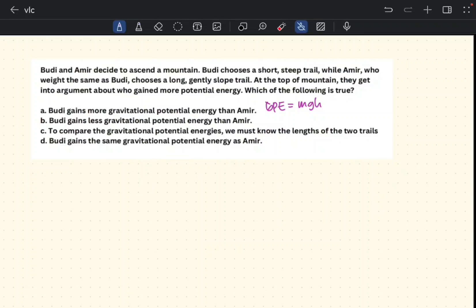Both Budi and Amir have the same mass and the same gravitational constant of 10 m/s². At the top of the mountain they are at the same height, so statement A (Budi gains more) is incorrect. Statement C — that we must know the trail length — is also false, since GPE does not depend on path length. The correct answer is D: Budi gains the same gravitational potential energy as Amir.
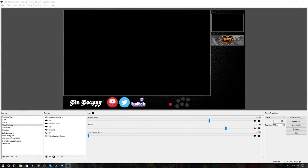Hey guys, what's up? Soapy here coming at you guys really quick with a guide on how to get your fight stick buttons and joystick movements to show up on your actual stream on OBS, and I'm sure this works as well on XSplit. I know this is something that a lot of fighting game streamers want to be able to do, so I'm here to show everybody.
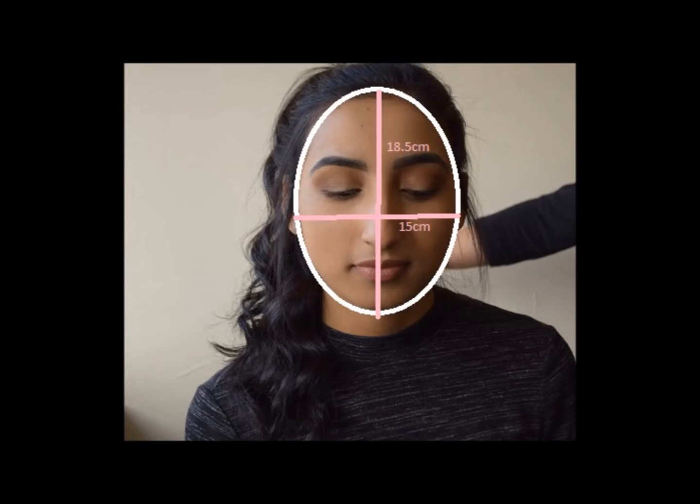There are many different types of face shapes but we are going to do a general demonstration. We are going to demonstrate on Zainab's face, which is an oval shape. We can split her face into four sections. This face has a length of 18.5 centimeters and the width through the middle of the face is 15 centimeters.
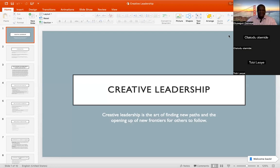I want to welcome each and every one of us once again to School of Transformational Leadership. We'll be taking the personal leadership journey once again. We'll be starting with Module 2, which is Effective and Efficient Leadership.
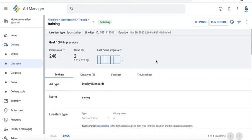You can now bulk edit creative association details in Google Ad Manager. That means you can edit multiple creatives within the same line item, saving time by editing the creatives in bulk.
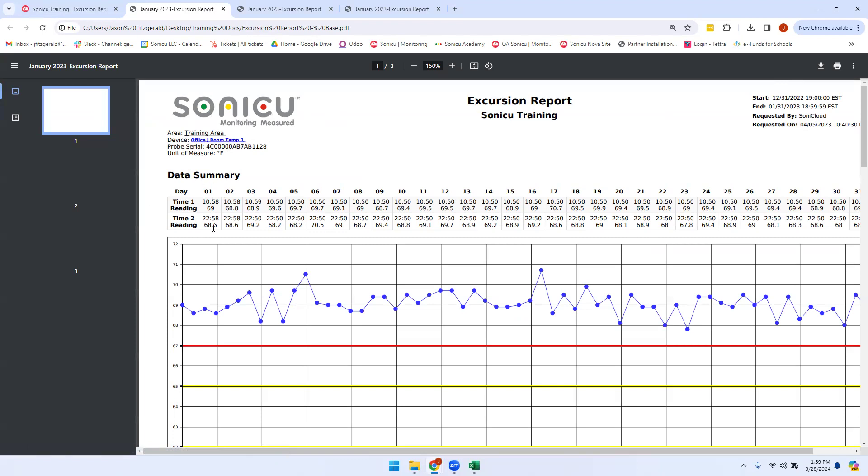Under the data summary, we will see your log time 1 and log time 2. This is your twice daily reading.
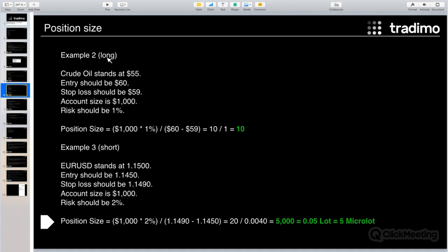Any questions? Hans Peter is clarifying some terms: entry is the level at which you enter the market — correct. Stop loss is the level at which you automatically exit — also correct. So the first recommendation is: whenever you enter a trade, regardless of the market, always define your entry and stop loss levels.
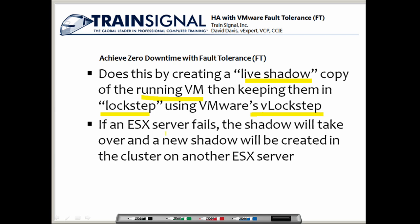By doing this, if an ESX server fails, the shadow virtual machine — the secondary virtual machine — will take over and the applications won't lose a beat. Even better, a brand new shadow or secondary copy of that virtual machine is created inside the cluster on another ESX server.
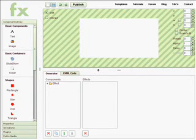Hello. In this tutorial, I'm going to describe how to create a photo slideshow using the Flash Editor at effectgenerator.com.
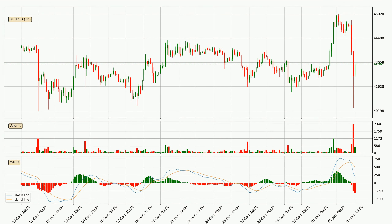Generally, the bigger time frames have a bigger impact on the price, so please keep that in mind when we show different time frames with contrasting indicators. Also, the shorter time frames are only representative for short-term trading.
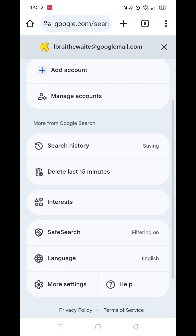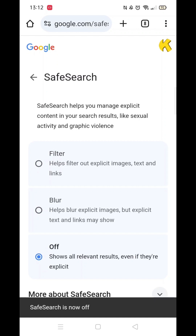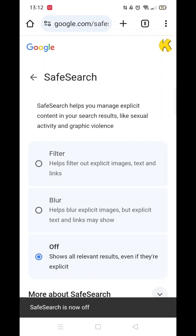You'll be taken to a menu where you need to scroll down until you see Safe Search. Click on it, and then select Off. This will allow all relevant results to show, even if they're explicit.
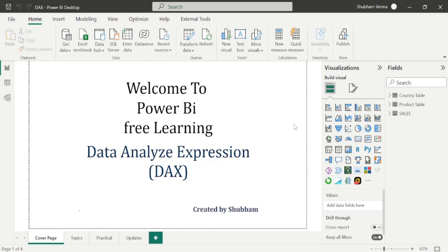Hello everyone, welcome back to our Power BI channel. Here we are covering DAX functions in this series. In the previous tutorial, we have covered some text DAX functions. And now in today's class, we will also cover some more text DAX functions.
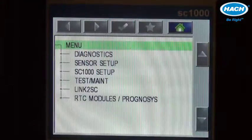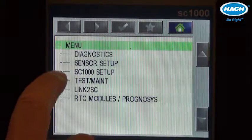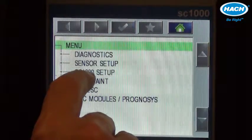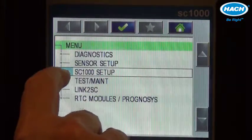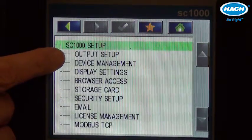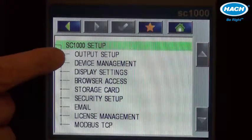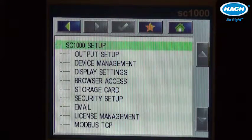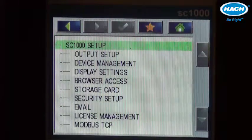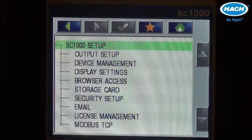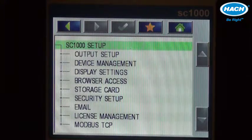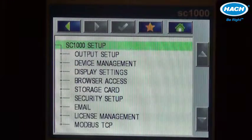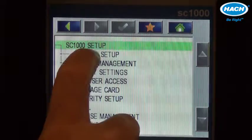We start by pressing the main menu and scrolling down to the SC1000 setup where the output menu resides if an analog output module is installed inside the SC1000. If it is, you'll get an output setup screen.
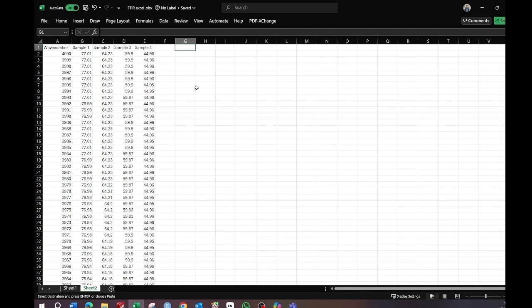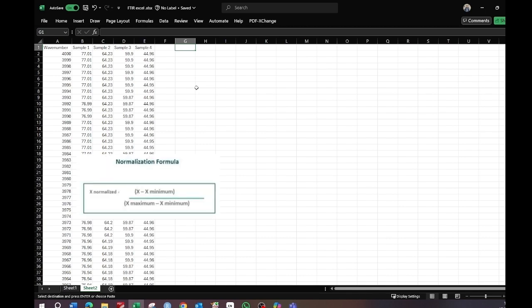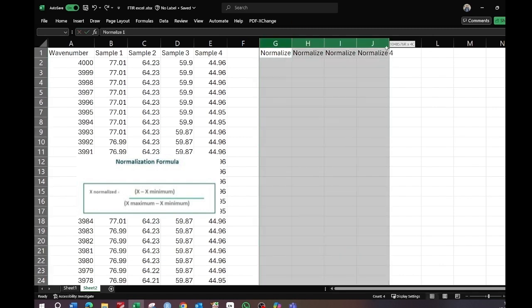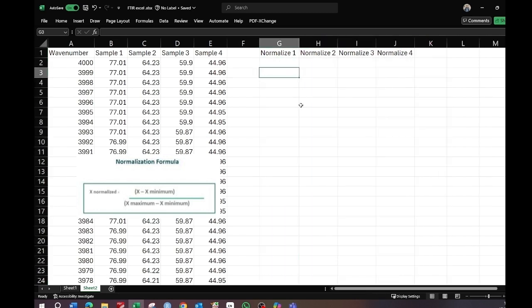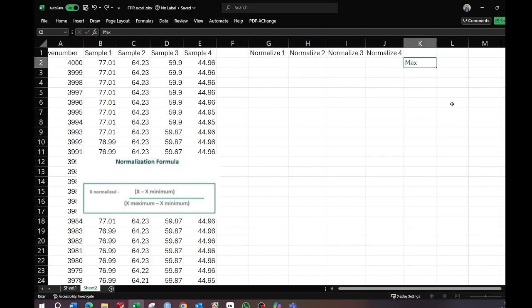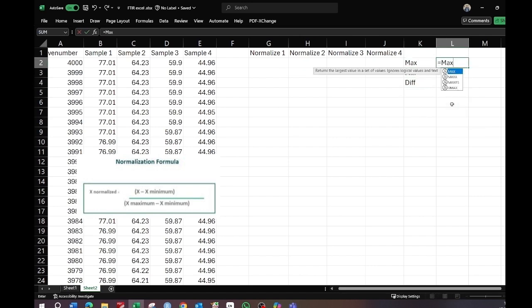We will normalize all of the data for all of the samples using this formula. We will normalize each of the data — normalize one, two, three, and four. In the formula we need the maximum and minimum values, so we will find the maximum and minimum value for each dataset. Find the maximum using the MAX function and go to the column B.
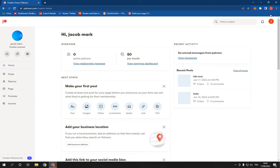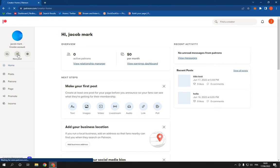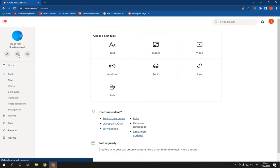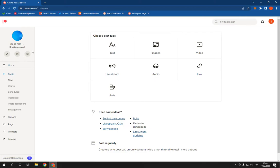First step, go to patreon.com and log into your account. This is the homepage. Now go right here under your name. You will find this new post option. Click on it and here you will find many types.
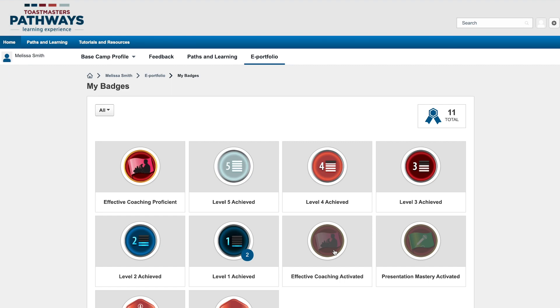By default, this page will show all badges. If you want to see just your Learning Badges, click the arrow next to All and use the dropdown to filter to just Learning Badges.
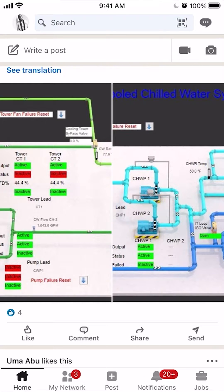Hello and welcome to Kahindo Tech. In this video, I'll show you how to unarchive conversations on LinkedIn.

##############################

**Exercise requirements:** Your task is to reproduce exactly the lines from the one that holds "By default, this" to the last line of the listing, and only those, omitting the pictures.

**Output below:**
By default, this page will show all badges. If you want to see just your Learning Badges, click the arrow next to All and use the dropdown to filter to just Learning Badges.
Hello and welcome to Kahindo Tech. In this video, I'll show you how to unarchive conversations on LinkedIn.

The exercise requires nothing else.